От тёплой и тревожащей хрипотцы его голоса Альду пробрало дрожью.
Только вот имя. Чужое имя…
Она даже не заметила, как это произошло, просто вдруг почувствовала горячую ладонь Эстоса в сокровенном месте между бёдер. Он касался её сквозь ткань, но это всё равно было так бесстыдно…
По платьем на Альде не было белья — оно не полагалось наложницам, когда те находились подле своего господина, — и поэтому прикосновения были точно по голой коже.
Она почувствовала, что стала влажной там. Может быть, уже давно, но только сейчас она поняла это. И Эстос медленно погружался в эту влагу, потихоньку раскрывая её. Пока между ними оставалась ткань, целых пять слоёв, но всё равно это было то, чего Альда не испытывала никогда раньше.
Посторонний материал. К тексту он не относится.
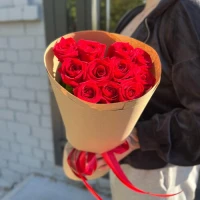 11 қызыл раушан гүл шоғы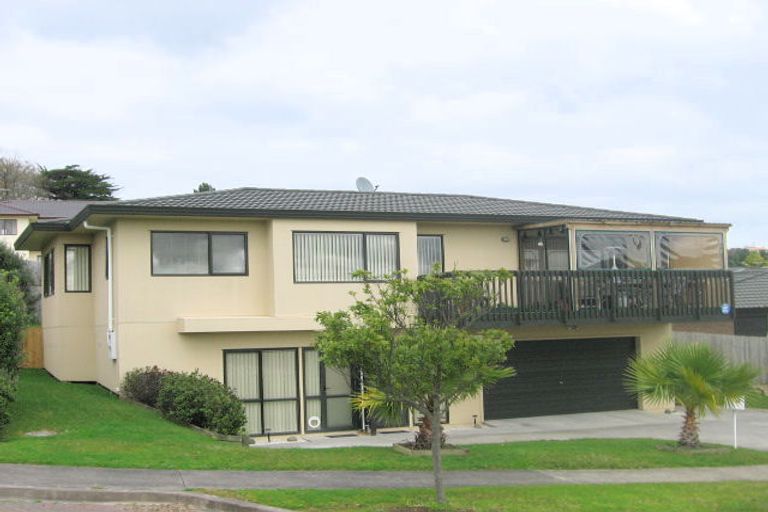 Photo of property in 50 Hewlett Road, Massey, Auckland, 0614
Никто кроме неё самой не касался её там…
Она застонала от удовольствия, смешанного с отчаянием.
— Ты прекрасная, чудесная… — шептал тем временем Эстос. — Ты — настоящее чудо, пришедшее в мою жизнь. Я должен поклоняться тебе, как божеству, но я хочу тебя, невыносимо хочу. И я уже знаю, что это будет сладко, как никогда в жизни, потому что ты… Я как будто ждал тебя всю жизнь!
У Альды разрывалось сердце, и она прикусила губу, чтобы не вырвались те самые слова.
Её хотелось сказать «Да, я твоя. Бери меня!», но стыд останавливал. Стыд и ещё что-то — неотступная память о том, кем она на самом деле была, вовсе не Кейлинн, а Альдой Льессум. Хотя ей и казалось, что сейчас она на самом деле из холодной, рассудительной Альды превратилась в необузданную и страстную секковийку Кейлинн.
— Ты хочешь меня не меньше, — продолжал Эстос. — Я чувствую, что хочешь… Там так влажно.
Эстос начал надавливать чуть сильнее, и Альдой овладевала какая-то сладостная слабость. Ей казалось, что даже захоти она оттолкнуть Эстоса, то не смогла бы поднять руку.
Его движения там становились всё более сильными, напористыми, властными…
А потом он убрал руку и поднёс пальцы к лицу. Они влажно блестели — от её соков.
Альда невольно зажмурилась — в её жизни никогда не было ничего настолько, настолько смущающего. Она текла в его руках, и он показывал ей мокрые пальцы.
А потом он поднёс их к губам и облизал.
Сердце в груди Альды билось так, словно хотело вырваться наружу, а в животе всё немело от необъяснимого, непонятного желания того, о чём Альда пока ещё не знала, от безумного и сладкого предвкушения…
Она невольно раскинула ноги ещё шире, точно приглашая. Ткань платья натянулась, и Альда увидела влажное пятно. Ей было стыдно и одновременно хотелось большего. Она чувствовала, что теряет себя…
Она перевела взгляд на Эстоса, на его худое красивое лицо, и на секунду ей почудилось в нём нечто знакомое, как будто она видела его когда-то раньше, месяцы, а может, годы назад.